§ Task objective
Write every record below out exactly; no images.

::::

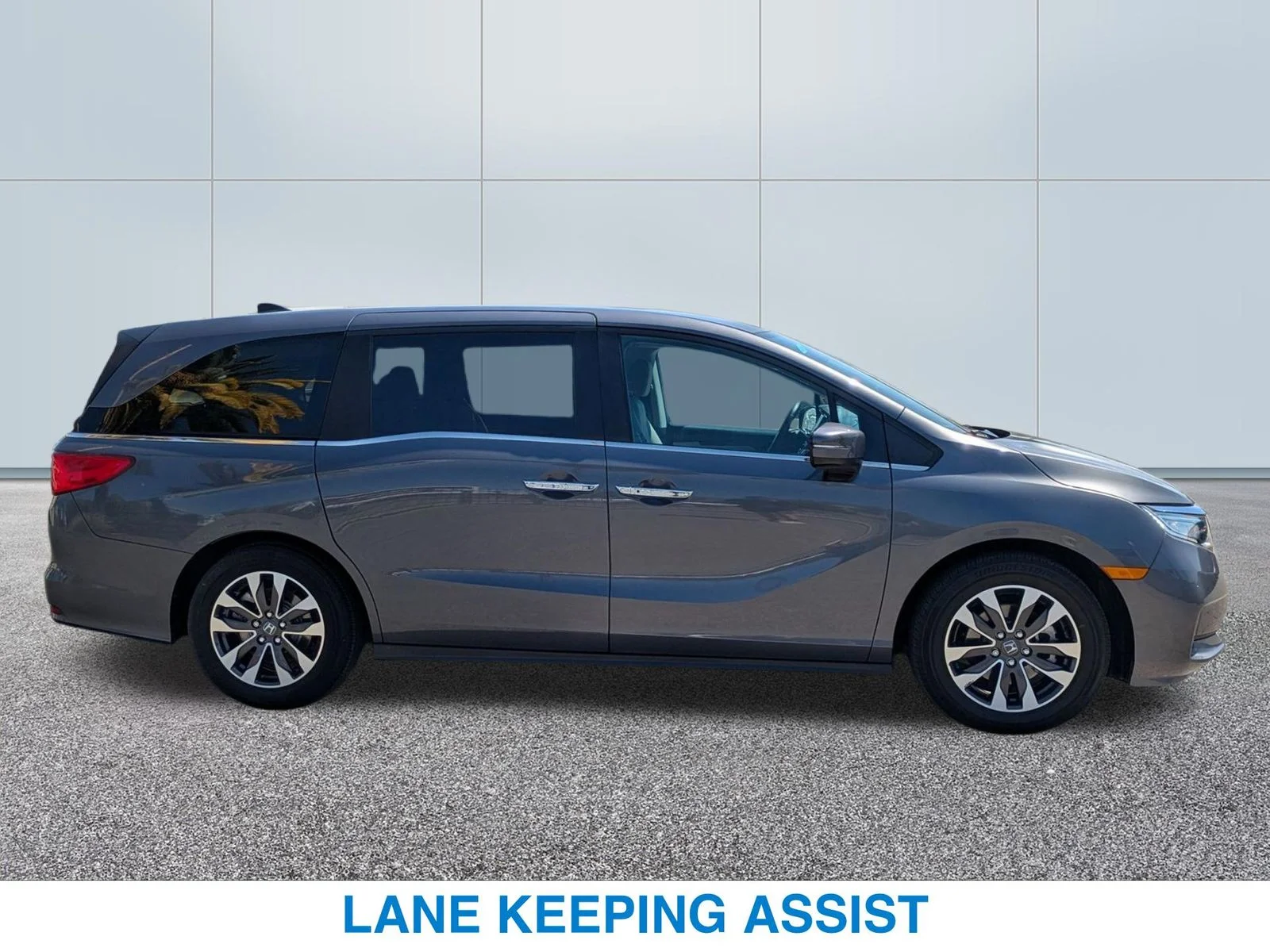 Used 2024 Gray Honda EX-L image 6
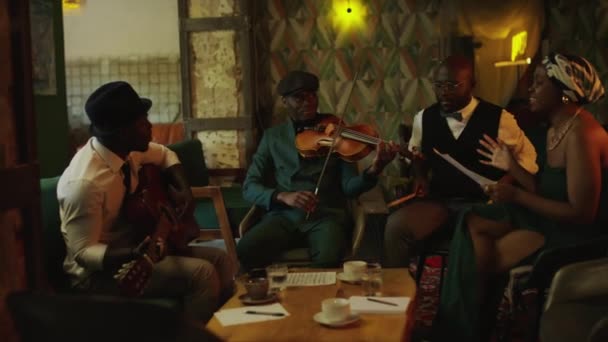 Giovane Jazz Band Afroamericana Quattro Persone Vestite Con Abiti Vintage — Video Stock
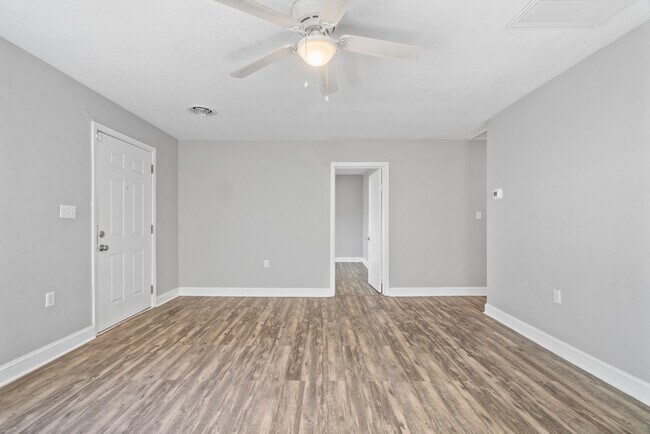 Building Photo - 852 W 48th St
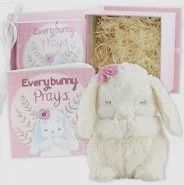 EVERY BUNNY PRAYS PINK GIFT SET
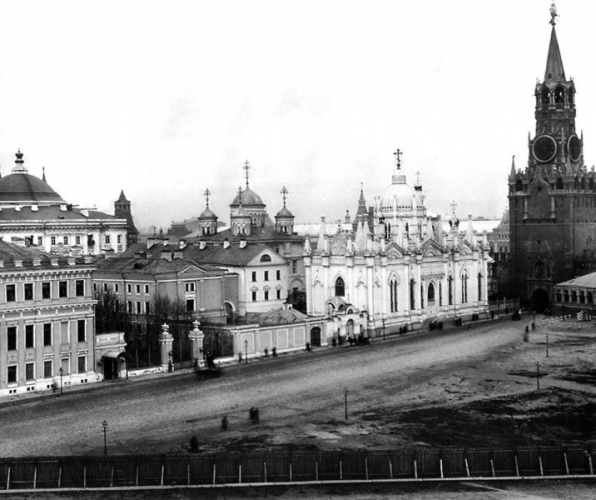 Вознесенская площадь московского Кремля до разрушения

::::

§ Answer to this problem
 Used 2024 Gray Honda EX-L image 6
 Giovane Jazz Band Afroamericana Quattro Persone Vestite Con Abiti Vintage — Video Stock
 Building Photo - 852 W 48th St
 EVERY BUNNY PRAYS PINK GIFT SET
 Вознесенская площадь московского Кремля до разрушения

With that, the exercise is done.